The LARC V is a single-screw, four-wheeled, self-propelled, diesel-powered amphibian. It has a cargo capacity of 10,000 pounds and a troop capacity of 20. It has a range of 200 nautical miles on land and 40 nm on water. It can attain speeds up to 22 miles per hour on land and 8.5 knots at sea. 12 LARC V craft are presently embarked aboard MPF ships.

The LARC(V)is an amphibious lighter constructed of aluminum, 35 feet long, 10-ft wide, and 10-feet 2 inches high. The current weight of the craft is approximately 20,000 pounds (without cargo). Power is furnished by an 8 cylinder Cummins V-903 Engine (rated at 295 BHP at 26000 rpm).

The craft is capable of operation in temperate, tropic, and arctic climates, of transversing sand and coral beaches, unimproved roads, off-road terrain and maneuvering through a surf of 10-foot breakers. The engine is located in the stern over the propeller and drives forward to a centrally located transfer case where power is transmitted to all four driving wheels and/or the propeller.

The suspension is rigid and the 18.00 x 12 ply off-road tubeless tires provide the only shock absorption.

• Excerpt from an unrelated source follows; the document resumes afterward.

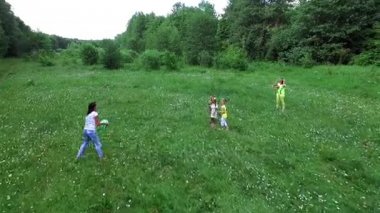 Aero, video yukarıdan çekim. Ormanın yakınında papatya çayır üzerinde topla oynayan çocuklar anneleri ile birlikte. Eğleniyorlar. Summer, açık havada, ormanda. İle tatil
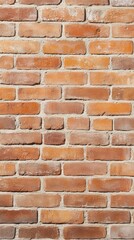Fototapeta premium A textured brick wall featuring a warm, rustic appearance, showcasing a blend of orange and brown shades with visible mortar lines.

The propeller operates in hull tunnel, which is fitted with a nozzle to improve efficiency. Baseline speeds for the craft were 9 mph in water and 30 mph on land with full rated load of 5 short tons.

Thirty-five modifications have been identified that will form the nucleus of a SLEP for the craft. This SLEP would improve safety, reduce crew fatigue, improve reliability, reduce maintenance costs, and increase service life. Studies must be conducted to explore future capabilities to conduct surf zone salvage, recovery, command and control, and the transportation of personnel and equipment.